Sjabaka, tweede koning van de 25e egyptische dynastie
en broer van de stichter ervan, Pianchi. Op
grond van assyrisch Sabaku, Σαβακῶς bij Herodotus,
Σαβάκων bij Manetho, wordt nu vaak Sjabako
gelezen. Voor zijn omstreden regeringsjaren
stelt het recente onderzoek van Kitchen (zie Lit.)

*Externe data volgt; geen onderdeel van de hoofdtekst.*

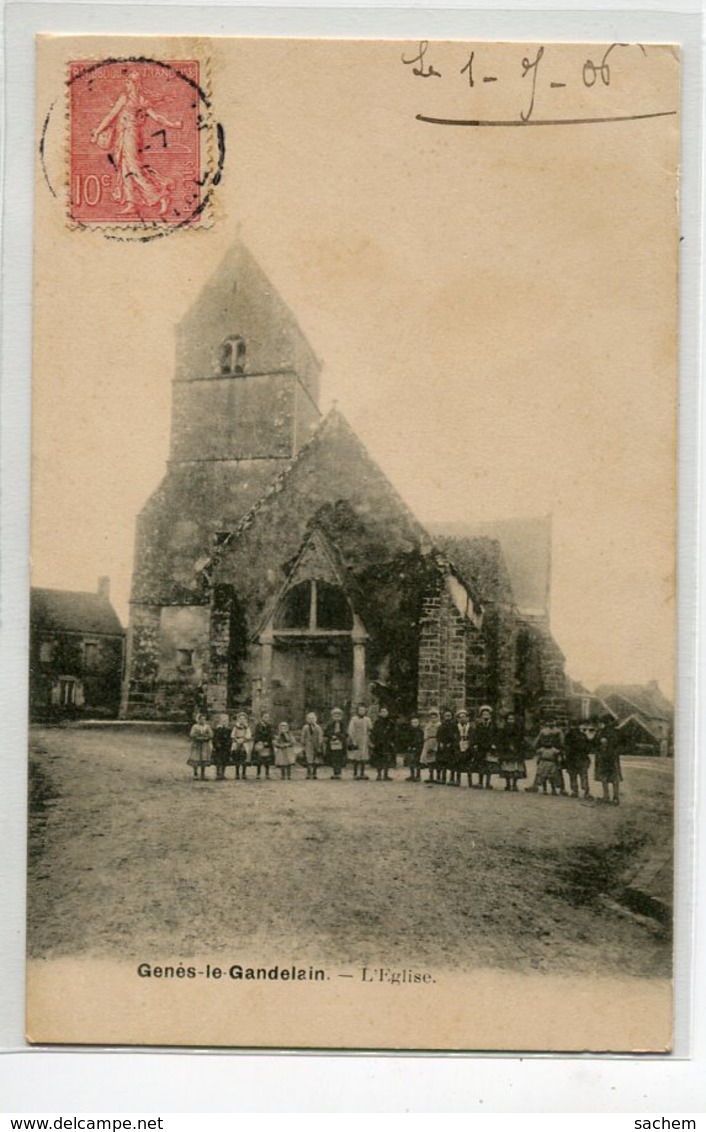 72 GENES Le GANDELAIN Plutot Rare Enfants Du Vilage Devant L'Eglise 1906 écrite Timbrée   D13 2019 - Autres & Non Classés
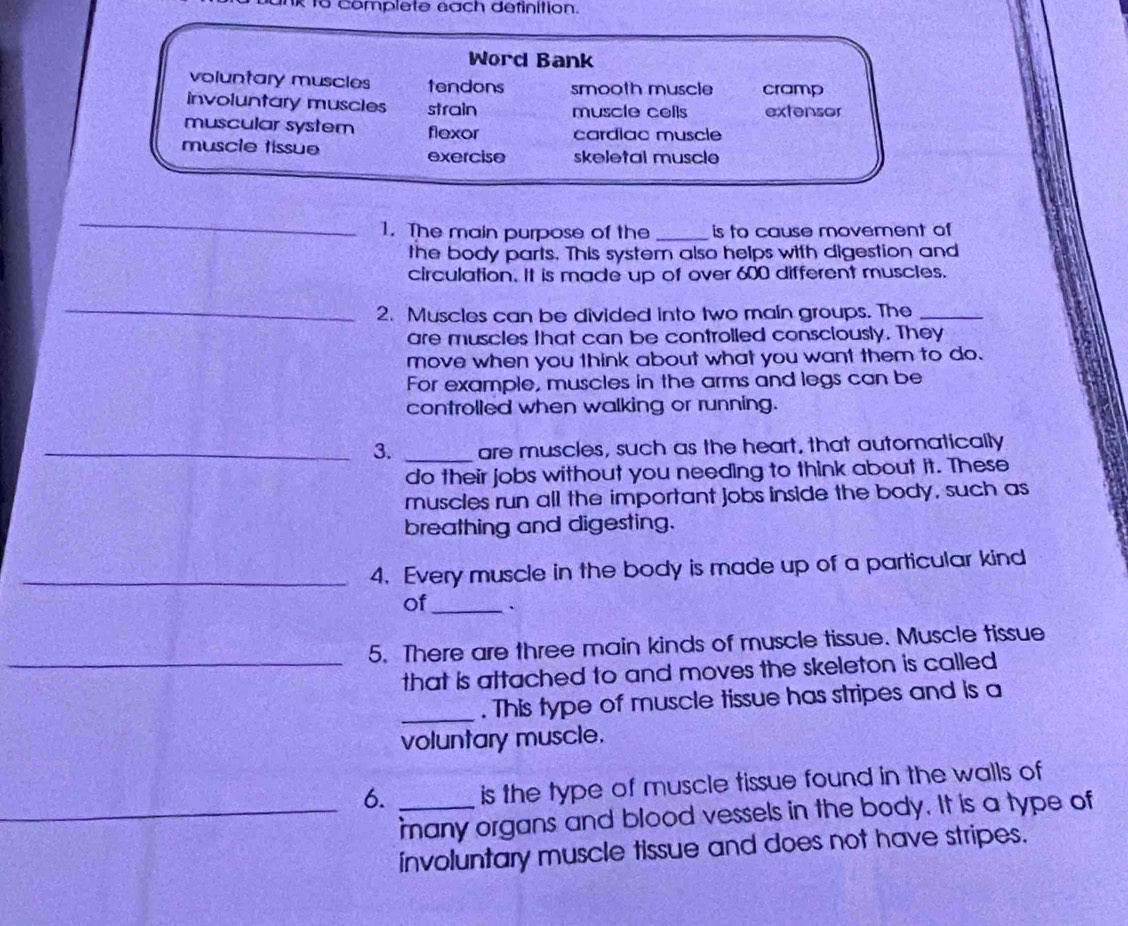 omp l e te éa ch de finition.
Word Bank
voluntary muscles tendons smooth muscle cramp
involuntary muscles strain muscle cells extensor
muscular system flexor cardiac muscle
muscle tissue exercise skeletal muscle
_
1. The main purpose of the _is to cause movement of
the body parts. This system also helps with digestion and
circulation. It is made up of over 600 different muscles.
_
2. Muscles can be divided into two main groups. The_
are muscles that can be controlled consciously. They
move when you think about what you want them to do.
For example, muscles in the arms and legs can be
controlled when walking or running.
_3. _are muscles, such as the heart, that automatically
do their jobs without you needing to think about it. These
muscles run all the important jobs inside the body, such as
breathing and digesting.
_4. Every muscle in the body is made up of a particular kind
of_
5. There are three main kinds of muscle tissue. Muscle tissue
_that is attached to and moves the skeleton is called 
_. This type of muscle tissue has stripes and is a
voluntary muscle.
6. _is the type of muscle tissue found in the walls of
_many organs and blood vessels in the body. It is a type of
involuntary muscle tissue and does not have stripes.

ca. 716-702 vC voor. Het jaar na zijn troonsbestijging
als koning van Nubië te Napata, in 715 vC,
viel hij om ons onbekende redenen Egypte binnen
en veroverde Memphis. Hij liet de vorst van Saïs,
Bocchoris,
ter dood brengen en zette waarschijnlijk
al de andere dynasten van de Delta af. In tegenstelling
tot Pianchi bleef hij als koning over
Egypte regeren en bewees dit door het uitvoeren
van allerlei bouwwerken in de tempels en door het
opstellen van stèles te Memphis, te Thebe en op
andere plaatsen. Bijzonder bekend is de z.g. S.-stèle,
waarop hij de kosmogonie van Memphis liet uitbeitelen
(Ptah). Ca. 712 vC leverde hij aan Sargon
II de usurpator Iamani van Asdod uit, die bij
hem een toevlucht gezocht had (ANET 285). Een
vertegenwoordiger van zijn macht te Thebe was
zijn zuster Amenardis I, de godsgemalin van
Amon. S. liet zich nabij
zijn hoofdstad Napata, te
el-Kurru, begraven en een piramide bouwen.

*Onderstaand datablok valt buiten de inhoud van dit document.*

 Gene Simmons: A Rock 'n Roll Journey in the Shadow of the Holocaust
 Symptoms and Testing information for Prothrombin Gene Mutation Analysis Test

Lit. Drioton/Vandier 545-547, 563, 567, 570-572, 676v. A. Gardiner,
Egypt of the Pharaohs (Oxford 1961) 342-344. K. A.
Kitchen, The Third Intermediate Period in Egypt (1100-650
BC) (Warminster 1973) 153v, 378-383. Voor de piramiden van
el-Kurru zie: D. Dunham, El-Kurru (Cambridge Mass., 1950).